======== Input records

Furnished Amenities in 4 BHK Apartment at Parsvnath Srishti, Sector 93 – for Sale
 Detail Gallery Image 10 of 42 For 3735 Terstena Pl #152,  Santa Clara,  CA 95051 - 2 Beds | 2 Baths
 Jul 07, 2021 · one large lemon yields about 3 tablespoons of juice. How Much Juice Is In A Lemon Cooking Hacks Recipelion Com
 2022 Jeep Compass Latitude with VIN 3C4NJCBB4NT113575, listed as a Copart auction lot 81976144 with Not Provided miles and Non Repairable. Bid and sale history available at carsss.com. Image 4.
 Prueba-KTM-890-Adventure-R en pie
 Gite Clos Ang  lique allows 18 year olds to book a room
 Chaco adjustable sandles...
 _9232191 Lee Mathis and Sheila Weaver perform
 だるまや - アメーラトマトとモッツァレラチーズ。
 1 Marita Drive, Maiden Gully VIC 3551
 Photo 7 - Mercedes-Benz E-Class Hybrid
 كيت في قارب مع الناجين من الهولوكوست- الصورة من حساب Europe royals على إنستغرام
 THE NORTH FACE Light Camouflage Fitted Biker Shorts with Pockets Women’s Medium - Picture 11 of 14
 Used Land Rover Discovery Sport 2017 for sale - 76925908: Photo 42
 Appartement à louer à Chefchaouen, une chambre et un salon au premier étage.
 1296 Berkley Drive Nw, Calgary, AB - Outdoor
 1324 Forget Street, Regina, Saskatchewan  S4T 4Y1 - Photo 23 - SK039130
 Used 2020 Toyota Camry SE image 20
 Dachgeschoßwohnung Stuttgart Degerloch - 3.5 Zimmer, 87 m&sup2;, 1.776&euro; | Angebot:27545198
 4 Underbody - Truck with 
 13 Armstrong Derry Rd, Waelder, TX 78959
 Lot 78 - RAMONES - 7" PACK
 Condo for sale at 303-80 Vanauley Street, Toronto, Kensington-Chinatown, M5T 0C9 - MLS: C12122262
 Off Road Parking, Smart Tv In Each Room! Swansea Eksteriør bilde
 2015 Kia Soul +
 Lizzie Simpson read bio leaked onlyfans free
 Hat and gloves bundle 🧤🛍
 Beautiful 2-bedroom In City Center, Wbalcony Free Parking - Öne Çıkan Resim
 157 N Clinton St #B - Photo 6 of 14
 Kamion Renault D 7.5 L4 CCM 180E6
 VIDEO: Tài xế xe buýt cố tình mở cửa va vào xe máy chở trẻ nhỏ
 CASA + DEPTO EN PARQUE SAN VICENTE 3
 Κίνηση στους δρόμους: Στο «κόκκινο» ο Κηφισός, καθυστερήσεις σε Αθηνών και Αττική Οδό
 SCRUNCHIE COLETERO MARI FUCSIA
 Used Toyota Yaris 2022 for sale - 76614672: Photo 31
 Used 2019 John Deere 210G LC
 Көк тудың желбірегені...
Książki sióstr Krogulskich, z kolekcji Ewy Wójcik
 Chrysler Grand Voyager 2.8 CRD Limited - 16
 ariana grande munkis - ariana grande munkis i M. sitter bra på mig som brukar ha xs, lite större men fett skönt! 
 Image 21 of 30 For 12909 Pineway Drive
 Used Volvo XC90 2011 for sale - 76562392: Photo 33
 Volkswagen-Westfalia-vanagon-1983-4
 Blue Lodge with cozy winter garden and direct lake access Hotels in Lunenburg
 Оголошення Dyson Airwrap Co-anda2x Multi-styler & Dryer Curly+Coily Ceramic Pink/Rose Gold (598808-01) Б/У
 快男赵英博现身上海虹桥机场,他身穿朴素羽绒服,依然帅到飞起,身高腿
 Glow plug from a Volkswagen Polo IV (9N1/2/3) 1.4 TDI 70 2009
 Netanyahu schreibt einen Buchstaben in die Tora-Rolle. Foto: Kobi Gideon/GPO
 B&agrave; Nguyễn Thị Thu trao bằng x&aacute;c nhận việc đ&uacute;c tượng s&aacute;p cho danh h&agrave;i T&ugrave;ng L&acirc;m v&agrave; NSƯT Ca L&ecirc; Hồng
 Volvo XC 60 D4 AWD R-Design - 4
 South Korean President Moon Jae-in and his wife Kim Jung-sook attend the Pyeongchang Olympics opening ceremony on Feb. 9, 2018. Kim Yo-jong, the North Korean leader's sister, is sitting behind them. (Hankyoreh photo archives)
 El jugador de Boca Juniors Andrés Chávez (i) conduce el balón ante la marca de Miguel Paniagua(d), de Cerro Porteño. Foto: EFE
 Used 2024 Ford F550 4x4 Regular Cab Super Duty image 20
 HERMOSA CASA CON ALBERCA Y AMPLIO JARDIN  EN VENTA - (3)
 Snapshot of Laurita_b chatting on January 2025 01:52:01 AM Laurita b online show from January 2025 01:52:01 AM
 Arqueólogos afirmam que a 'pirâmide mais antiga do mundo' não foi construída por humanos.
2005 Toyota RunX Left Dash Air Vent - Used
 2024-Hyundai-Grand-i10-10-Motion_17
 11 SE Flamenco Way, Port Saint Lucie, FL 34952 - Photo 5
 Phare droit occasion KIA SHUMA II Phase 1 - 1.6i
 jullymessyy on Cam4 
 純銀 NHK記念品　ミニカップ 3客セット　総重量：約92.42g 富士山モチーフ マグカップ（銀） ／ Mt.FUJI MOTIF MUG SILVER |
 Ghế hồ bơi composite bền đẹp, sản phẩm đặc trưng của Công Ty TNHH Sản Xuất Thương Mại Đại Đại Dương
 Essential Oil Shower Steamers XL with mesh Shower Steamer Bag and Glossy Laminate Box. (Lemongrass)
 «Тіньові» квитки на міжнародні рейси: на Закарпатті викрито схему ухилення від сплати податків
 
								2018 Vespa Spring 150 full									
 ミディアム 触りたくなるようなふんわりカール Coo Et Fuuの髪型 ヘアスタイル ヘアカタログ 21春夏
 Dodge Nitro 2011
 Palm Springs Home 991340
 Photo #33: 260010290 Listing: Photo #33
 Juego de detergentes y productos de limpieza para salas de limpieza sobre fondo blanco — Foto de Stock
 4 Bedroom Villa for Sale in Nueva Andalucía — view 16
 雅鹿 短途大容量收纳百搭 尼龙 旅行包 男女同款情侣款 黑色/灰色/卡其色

================

### Work to be completed
Reproduce only the lines above spanning from the line containing "South Korean President" through the line containing "純銀 NHK記念品　ミニカップ 3客セット　総重量：約92.42g", word for word.

### Response to this exercise
 South Korean President Moon Jae-in and his wife Kim Jung-sook attend the Pyeongchang Olympics opening ceremony on Feb. 9, 2018. Kim Yo-jong, the North Korean leader's sister, is sitting behind them. (Hankyoreh photo archives)
 El jugador de Boca Juniors Andrés Chávez (i) conduce el balón ante la marca de Miguel Paniagua(d), de Cerro Porteño. Foto: EFE
 Used 2024 Ford F550 4x4 Regular Cab Super Duty image 20
 HERMOSA CASA CON ALBERCA Y AMPLIO JARDIN  EN VENTA - (3)
 Snapshot of Laurita_b chatting on January 2025 01:52:01 AM Laurita b online show from January 2025 01:52:01 AM
 Arqueólogos afirmam que a 'pirâmide mais antiga do mundo' não foi construída por humanos.
2005 Toyota RunX Left Dash Air Vent - Used
 2024-Hyundai-Grand-i10-10-Motion_17
 11 SE Flamenco Way, Port Saint Lucie, FL 34952 - Photo 5
 Phare droit occasion KIA SHUMA II Phase 1 - 1.6i
 jullymessyy on Cam4 
 純銀 NHK記念品　ミニカップ 3客セット　総重量：約92.42g 富士山モチーフ マグカップ（銀） ／ Mt.FUJI MOTIF MUG SILVER |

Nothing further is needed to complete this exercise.